## ENTRIES SHOWN

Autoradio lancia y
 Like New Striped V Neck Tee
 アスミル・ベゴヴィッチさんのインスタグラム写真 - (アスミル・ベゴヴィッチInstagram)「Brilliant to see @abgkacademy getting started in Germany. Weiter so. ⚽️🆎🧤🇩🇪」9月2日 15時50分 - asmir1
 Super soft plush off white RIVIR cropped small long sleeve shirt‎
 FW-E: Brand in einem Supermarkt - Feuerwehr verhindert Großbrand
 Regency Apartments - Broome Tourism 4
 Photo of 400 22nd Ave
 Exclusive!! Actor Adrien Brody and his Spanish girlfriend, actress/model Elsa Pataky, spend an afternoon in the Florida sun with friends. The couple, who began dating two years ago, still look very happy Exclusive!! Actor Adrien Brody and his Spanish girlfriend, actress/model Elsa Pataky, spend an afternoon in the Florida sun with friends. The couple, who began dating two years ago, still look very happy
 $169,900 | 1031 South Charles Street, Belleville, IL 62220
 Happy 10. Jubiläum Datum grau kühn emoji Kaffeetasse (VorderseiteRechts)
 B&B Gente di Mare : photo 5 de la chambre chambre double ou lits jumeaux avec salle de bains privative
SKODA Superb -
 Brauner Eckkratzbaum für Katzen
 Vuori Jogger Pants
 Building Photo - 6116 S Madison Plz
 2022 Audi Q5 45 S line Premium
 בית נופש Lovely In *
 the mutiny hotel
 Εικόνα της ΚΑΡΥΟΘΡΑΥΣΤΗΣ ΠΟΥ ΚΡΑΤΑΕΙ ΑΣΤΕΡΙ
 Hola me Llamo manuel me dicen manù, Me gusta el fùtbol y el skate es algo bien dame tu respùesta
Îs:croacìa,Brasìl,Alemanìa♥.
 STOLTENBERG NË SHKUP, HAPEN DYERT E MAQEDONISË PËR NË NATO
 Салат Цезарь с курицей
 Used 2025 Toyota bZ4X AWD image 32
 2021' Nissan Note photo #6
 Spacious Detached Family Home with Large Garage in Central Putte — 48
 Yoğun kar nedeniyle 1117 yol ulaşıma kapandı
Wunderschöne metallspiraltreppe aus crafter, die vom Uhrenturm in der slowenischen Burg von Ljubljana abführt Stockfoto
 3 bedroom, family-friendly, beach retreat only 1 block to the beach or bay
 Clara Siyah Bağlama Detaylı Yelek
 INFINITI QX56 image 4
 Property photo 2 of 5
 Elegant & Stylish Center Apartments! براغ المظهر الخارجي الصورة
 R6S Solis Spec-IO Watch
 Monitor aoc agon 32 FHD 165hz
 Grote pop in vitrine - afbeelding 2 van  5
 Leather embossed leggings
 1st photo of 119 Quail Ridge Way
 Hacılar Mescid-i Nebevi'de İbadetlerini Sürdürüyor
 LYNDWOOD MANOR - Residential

## PROMPT
Print again the lines of the entries above that fall between the line holding "Used 2025 Toyota bZ4X AWD image 32" and the line holding "Yoğun kar nedeniyle 1117 yol ulaşıma kapandı", inclusive, exactly as they stand.

## SOLUTION TO THE PROBLEM
 Used 2025 Toyota bZ4X AWD image 32
 2021' Nissan Note photo #6
 Spacious Detached Family Home with Large Garage in Central Putte — 48
 Yoğun kar nedeniyle 1117 yol ulaşıma kapandı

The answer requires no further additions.